The only "seizure-like" things that have ever and do ever happen to me is sometimes my head will involuntarily shake really quickly back and forth and I might stomp my foot or something thought that's always during times when I have a huge spike in hyperactive energy and I've always just assumed it was tied to that.

hypergirl96
12-02-16, 01:11 AM
It sounds like getting your anxiety under control would really help. I have the same issues like dazing off, fading out of reality, feeling numb to avoid it. I procrastinate mentally from dealing with stress and anxiety in short "fade out" periods.

They help provide a temporary escape. Properly treating the cause or your outlet is the only way it will work.

Have you tried exercising more, meditation, yoga or mindfulness as an outlet? Some here find them to be very beneficial.

I think the goal should be lowering stress/anxiety and learning healthier outlets for dealing with them when they happen.

I am proof it's a lot easier said than done but I keep trying.:)

Thank you for the advice! I do believe that that's what I have been doing lately: dissociating as a way to escape the stressful situation or the stress response to a stressful situation. I definitely do need to exercise more and that is something on my list of things I need to do to improve my quality of life both physically and mentally.
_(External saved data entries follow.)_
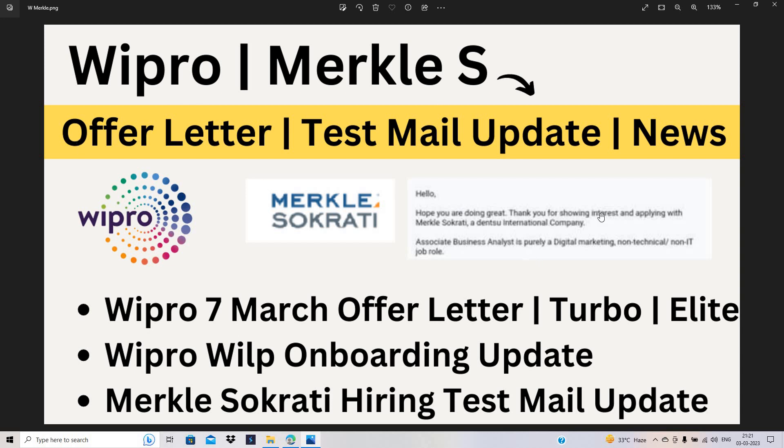Hope you are doing great. Thank you for showing interest and applying for MS, Associate Business Analyst role.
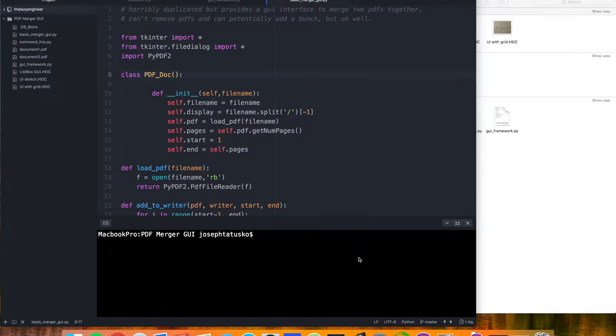Hey there! In the last video, we put together a basic merger that allowed us to merge two documents together. This time, we're going to build on that and make something that will work for any number of documents.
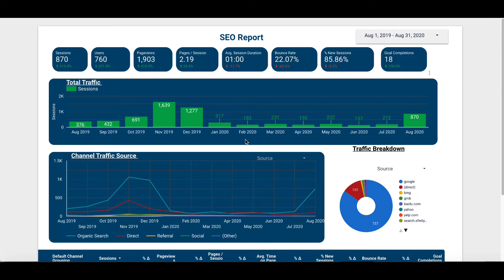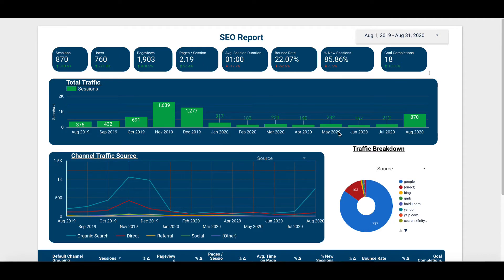Here you can see one of the SEO reports for one of our clients — I took their name out for privacy — but they are a Christmas light hanging company. You'll see that obviously their late fall and early winter season gets a lot more traffic than the summer months, as expected. We just started back up with them again, so you'll see we're starting to ramp up for that fall and winter season.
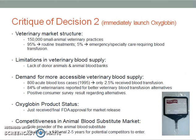To critique Decision 2, which involves immediately launching Oxyglobin, we can look at the veterinary market structure. In the United States in 1995, there were roughly 150,000 small animal veterinary practices, with 95% of those practices revolving around routine treatments for infections, chronic anemia, and simple traumatic incidences. Only 5% were associated with emergency or specialty care requiring blood transfusion. There were also limitations within the veterinary blood supply due to lack of donor animals and animal blood banks, yet there was a clear demand for more accessible veterinary blood supply, since only 2.5% of 800 acute blood loss cases in 1995 received a blood transfusion.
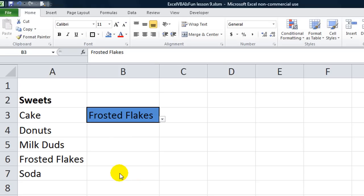Hey, welcome back YouTubers. Daniel Strong here with another Excel VBA is fun, exciting lesson.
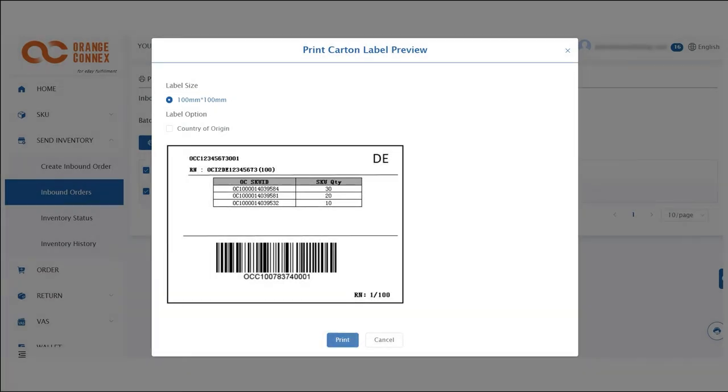Once your shipment has arrived in the Orange Connect Warehouse, you'll be able to track the status using the inventory status tab under inventory.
The thing with my stress and anxiety is that it's mostly connected to my school work and deadlines (both for school and in general). And it seems to be mostly comorbid with my ADHD (though I have good reason to believe that I may also have pure O OCD which is something I need to speak with a professional about). But most of the anxiety I am experiencing is due to unavoidable things and really the only way to get around them is to change my mindset so I'm not so stressed but like that seems to be what's lead to the exact issues I'm experiencing right now.

Definitely though yeah I do need to find some better way of handling stress because my mind's seemingly natural proclivity for dissociation while it does lower my stress response and anxiety, does so at the expense of reality. Which is not good.

Thank you very much for your response and advice!

OhLookABunny
12-03-16, 11:20 AM
More likely it is the classic anxiety derealization rather than seizures. I just remembered that man from the group so thought I'd mention it. I hope you get some answers and solutions. I also struggle with Pure-O OCD! It's a pain in the butt. And both difficult and embarrassing to try to explain to others. Again, my best wishes for healing for you.

peripatetic
12-06-16, 02:42 AM
hey hypergirl! long time; so good to see you :)

i'm posting to say that and also so i'll try to remember to read and post on your topic :o

i'm sorry to hear you're struggling. i have ocd. it's largely intrusive images/ideas that are incredibly disturbing. and i'm fixated with numbers. i'm going to try to read all of your posts again to understand what you're experiencing and then i'll reply more. xx -peri


EDIT: have you tried grounding exercises/tricks? like 3, 2, 1s when it starts? or do you have any coping mechanisms for staying grounded? you might look into therapy for this. i would highly recommend finding some coping mechanisms if you lack any or if those you have are slipping.

ok, back to reading...

sarahsweets
12-06-16, 05:41 AM
Despite how hokey it sounds and how plain it is, grounding using all your senses can help. First I had to think of a place where I was most happy and then think of what my surroundings felt like, smelled like, looked like, what things I physically felt etc. Now I try to use that when I have panic attacks but starting out slowly and trying to feel those things while taking deep breaths.